▶ TASK STATEMENT: Quote word for word the lines starting at the line with "this 320×180 image." and ending at the final line of the entries. Leave out any pictures.

Spatial localization data:
# # #

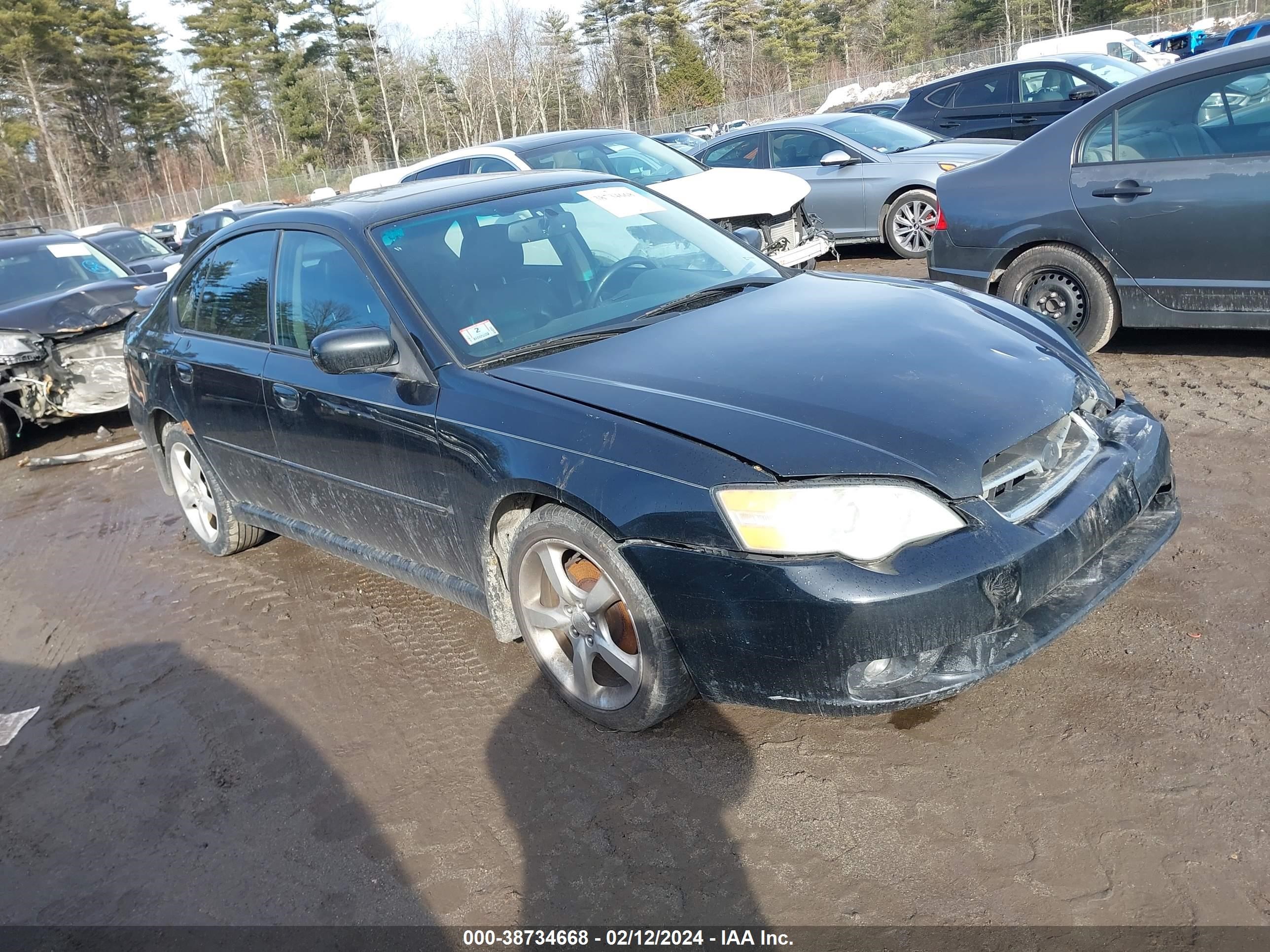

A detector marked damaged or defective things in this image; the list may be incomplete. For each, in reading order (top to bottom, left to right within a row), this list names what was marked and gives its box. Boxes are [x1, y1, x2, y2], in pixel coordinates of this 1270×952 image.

damaged front bumper [0, 327, 131, 429]
damaged gray car [0, 226, 164, 459]
damaged front bumper [620, 391, 1173, 711]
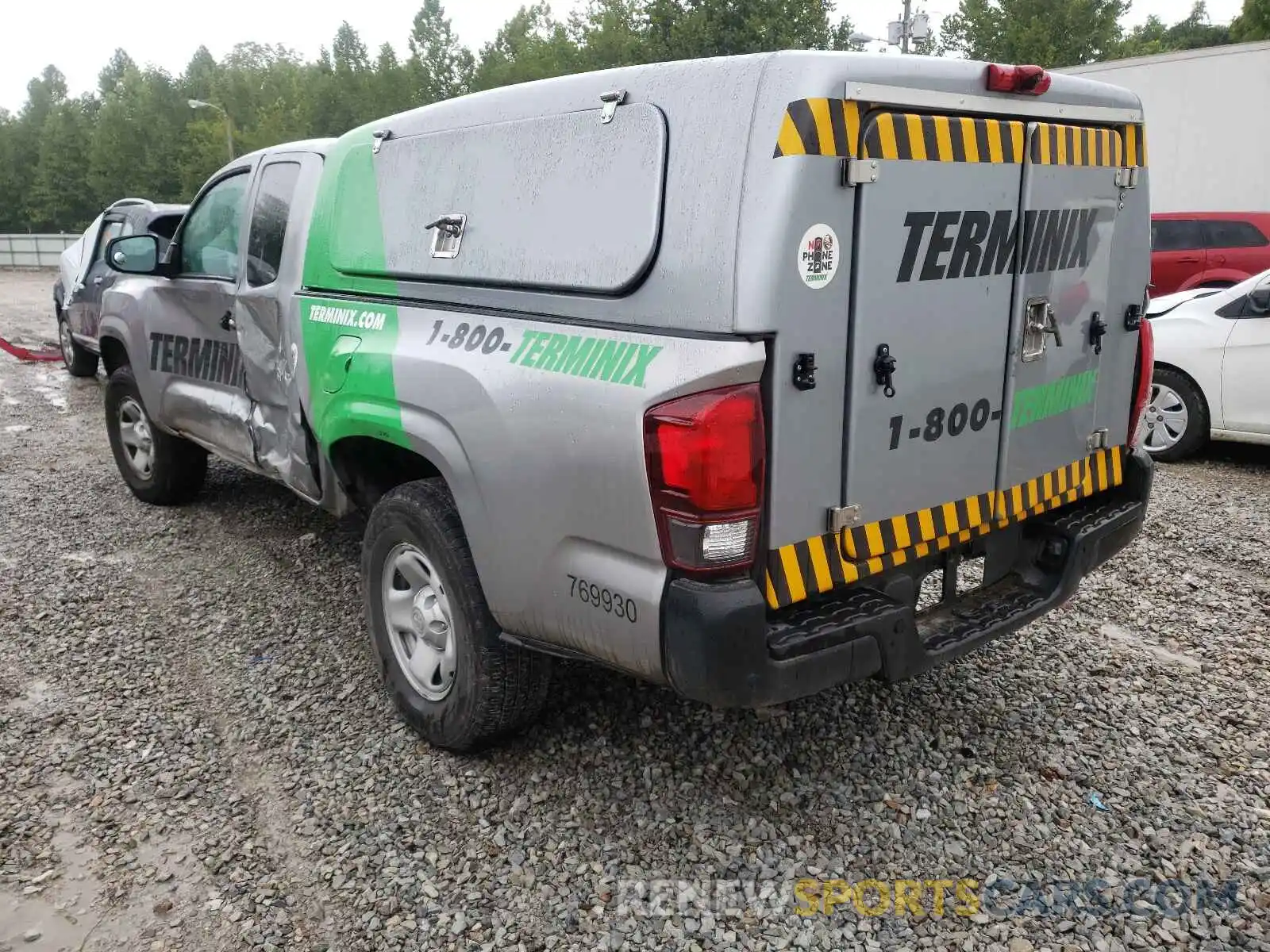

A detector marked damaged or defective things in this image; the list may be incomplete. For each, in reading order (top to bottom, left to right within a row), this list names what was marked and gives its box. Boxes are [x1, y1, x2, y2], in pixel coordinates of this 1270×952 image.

damaged toyota tacoma [94, 52, 1156, 752]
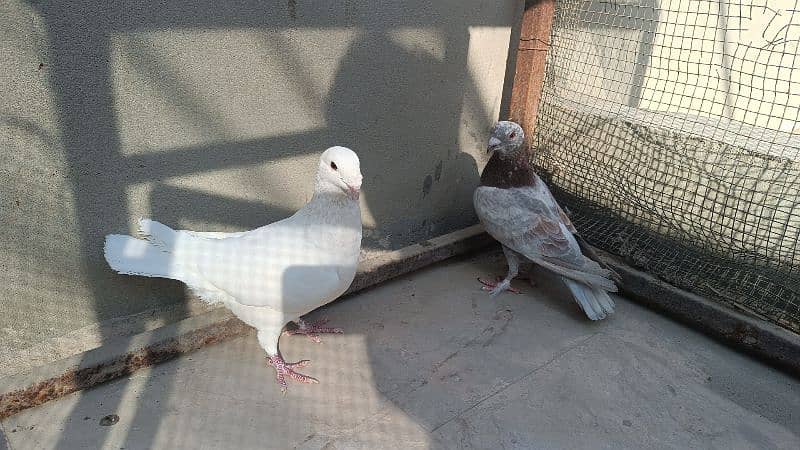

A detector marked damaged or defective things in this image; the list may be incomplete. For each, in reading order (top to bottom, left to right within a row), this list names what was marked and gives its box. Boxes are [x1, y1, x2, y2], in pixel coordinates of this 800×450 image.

floor crack [432, 332, 600, 434]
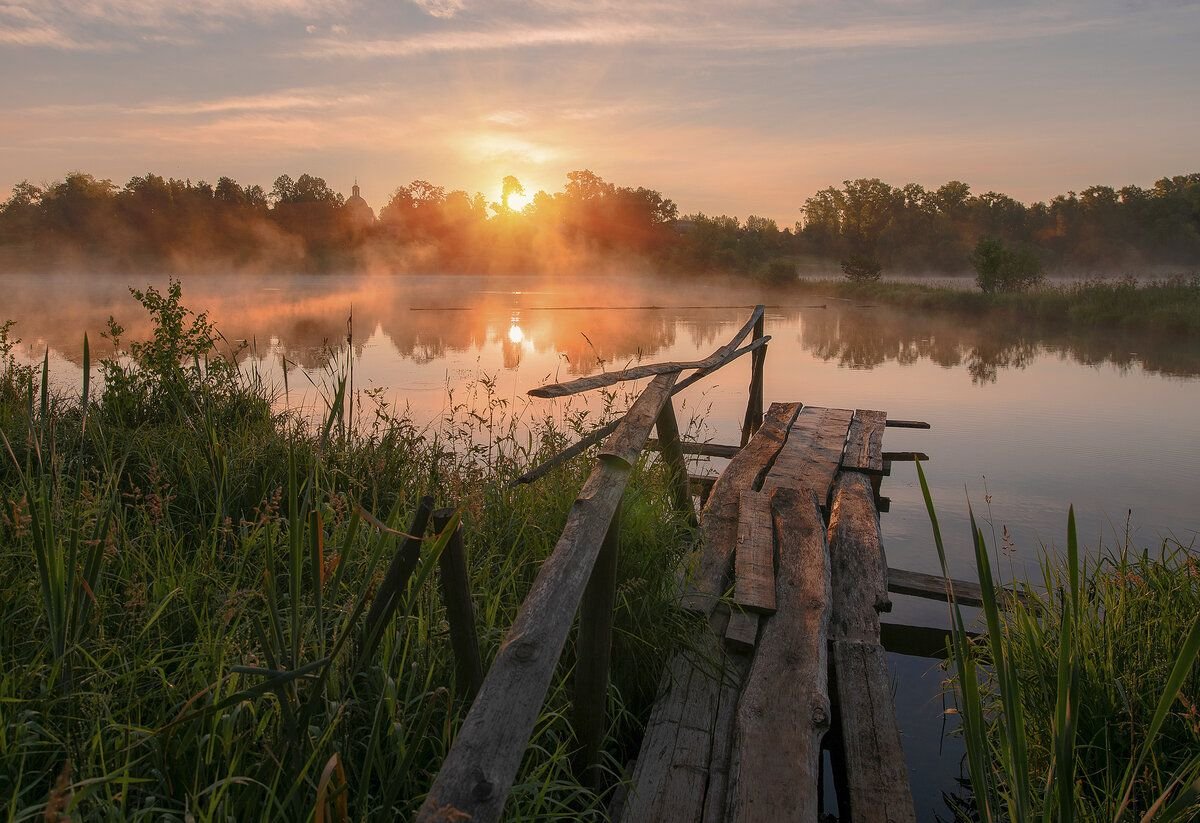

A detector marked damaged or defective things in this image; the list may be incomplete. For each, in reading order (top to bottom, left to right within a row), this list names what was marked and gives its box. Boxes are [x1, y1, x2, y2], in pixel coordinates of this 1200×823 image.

broken railing [412, 304, 768, 823]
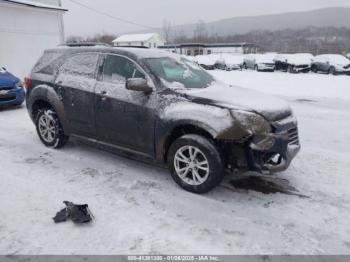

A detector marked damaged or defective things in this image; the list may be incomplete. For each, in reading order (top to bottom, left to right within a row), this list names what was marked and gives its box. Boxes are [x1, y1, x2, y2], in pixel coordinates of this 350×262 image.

damaged chevrolet equinox [25, 44, 300, 192]
crushed hood [176, 82, 292, 122]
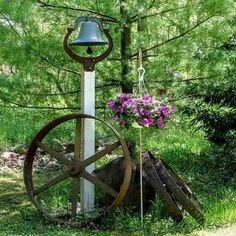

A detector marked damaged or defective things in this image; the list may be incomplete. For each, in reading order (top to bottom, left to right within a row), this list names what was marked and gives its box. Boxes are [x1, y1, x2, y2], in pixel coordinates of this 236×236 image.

rusted metal surface [63, 27, 113, 70]
rusted metal surface [23, 113, 133, 224]
rusty wagon wheel [24, 113, 133, 224]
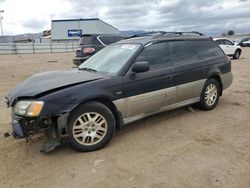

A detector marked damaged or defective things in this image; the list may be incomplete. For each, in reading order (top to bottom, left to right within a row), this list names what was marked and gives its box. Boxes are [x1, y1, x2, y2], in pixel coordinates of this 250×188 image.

crumpled hood [5, 69, 107, 106]
damaged station wagon [5, 31, 232, 153]
front end damage [10, 111, 69, 153]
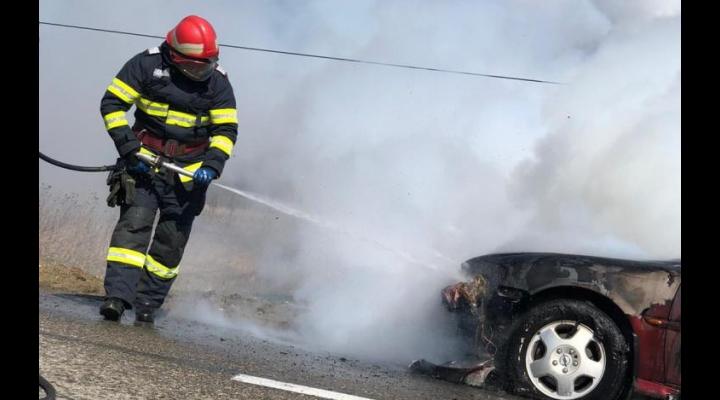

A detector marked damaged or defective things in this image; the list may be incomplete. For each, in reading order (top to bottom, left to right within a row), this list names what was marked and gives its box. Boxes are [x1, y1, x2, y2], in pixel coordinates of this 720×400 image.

damaged vehicle [416, 253, 680, 400]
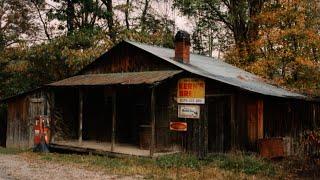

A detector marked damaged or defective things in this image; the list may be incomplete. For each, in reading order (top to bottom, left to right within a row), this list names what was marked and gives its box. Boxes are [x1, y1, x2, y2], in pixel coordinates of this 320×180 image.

rusty metal roof [47, 70, 182, 86]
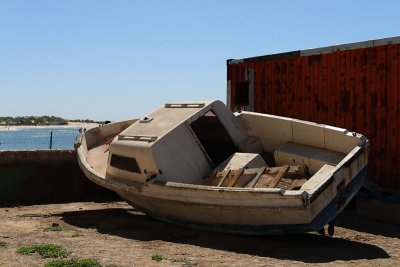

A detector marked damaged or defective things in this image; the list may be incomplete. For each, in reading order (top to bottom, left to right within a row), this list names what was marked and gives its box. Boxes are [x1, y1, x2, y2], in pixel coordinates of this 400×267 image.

rusty metal container [227, 36, 400, 189]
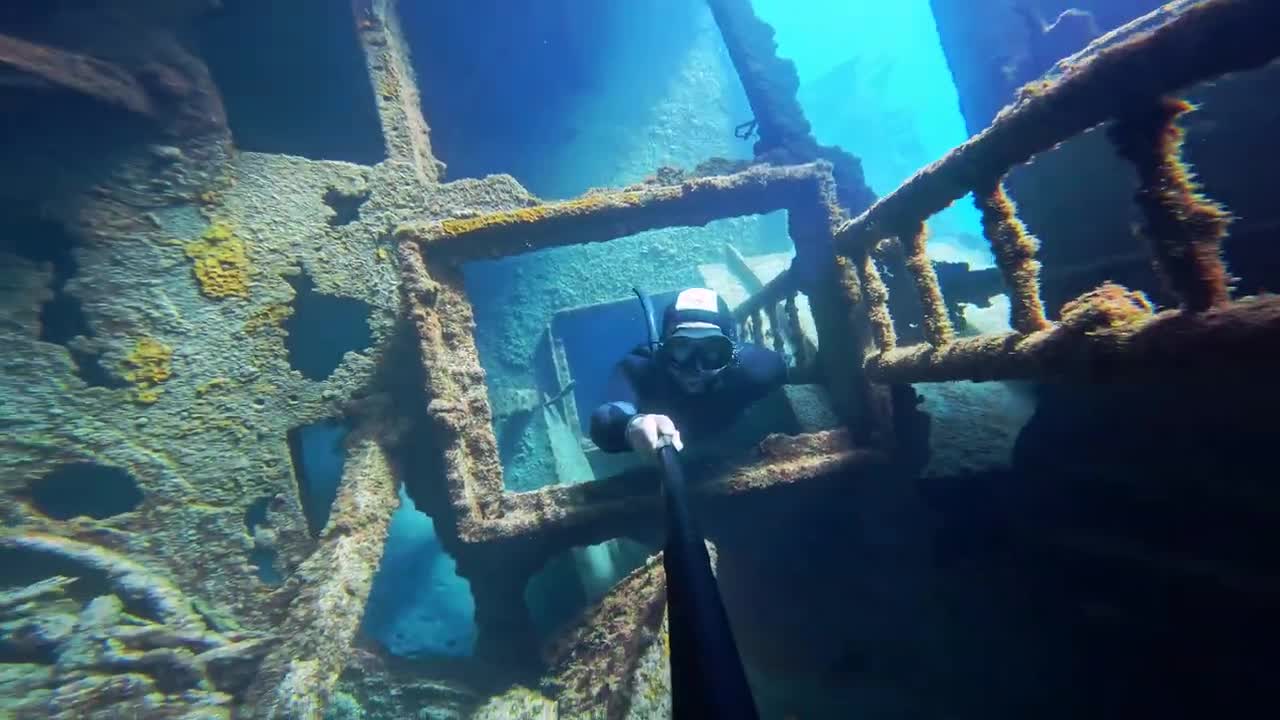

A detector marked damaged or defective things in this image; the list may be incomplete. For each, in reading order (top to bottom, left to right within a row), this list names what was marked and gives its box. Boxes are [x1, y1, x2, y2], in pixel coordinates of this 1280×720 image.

rusted metal frame [976, 180, 1056, 332]
corroded railing [820, 0, 1280, 382]
rusted metal frame [836, 0, 1280, 258]
rusted metal frame [864, 290, 1280, 386]
rusted metal frame [1104, 95, 1232, 312]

# # #

▶ RESPONSE BOX:
A detector marked damaged or defective things in this image; the list may be incomplete. For each, in reading order (top to bottom, left to right within a row), this list names what was marked and gives its box. Boxes are [x1, y1, x2, y2], in pixel coordinates of this 320×180 image.

rusty metal roof [47, 70, 182, 86]

A detector marked damaged or defective things in this image; the list may be incomplete. For each, in reading order (top to bottom, left to right within a row), this list names what was marked and gives its box. Boxes are [x1, y1, x2, y2], in pixel coordinates of this 400×267 image.

rusty metal container [227, 36, 400, 189]

A detector marked damaged or defective things in this image; the list may be incomplete. For each, in reading order (top to bottom, left to right within a row), this list names what was marked and gives its box. Boxes are [x1, y1, x2, y2], in pixel coordinates of this 1280×720 image.

rusted metal frame [976, 180, 1056, 332]
corroded railing [820, 0, 1280, 382]
rusted metal frame [836, 0, 1280, 258]
rusted metal frame [864, 290, 1280, 386]
rusted metal frame [1104, 95, 1232, 312]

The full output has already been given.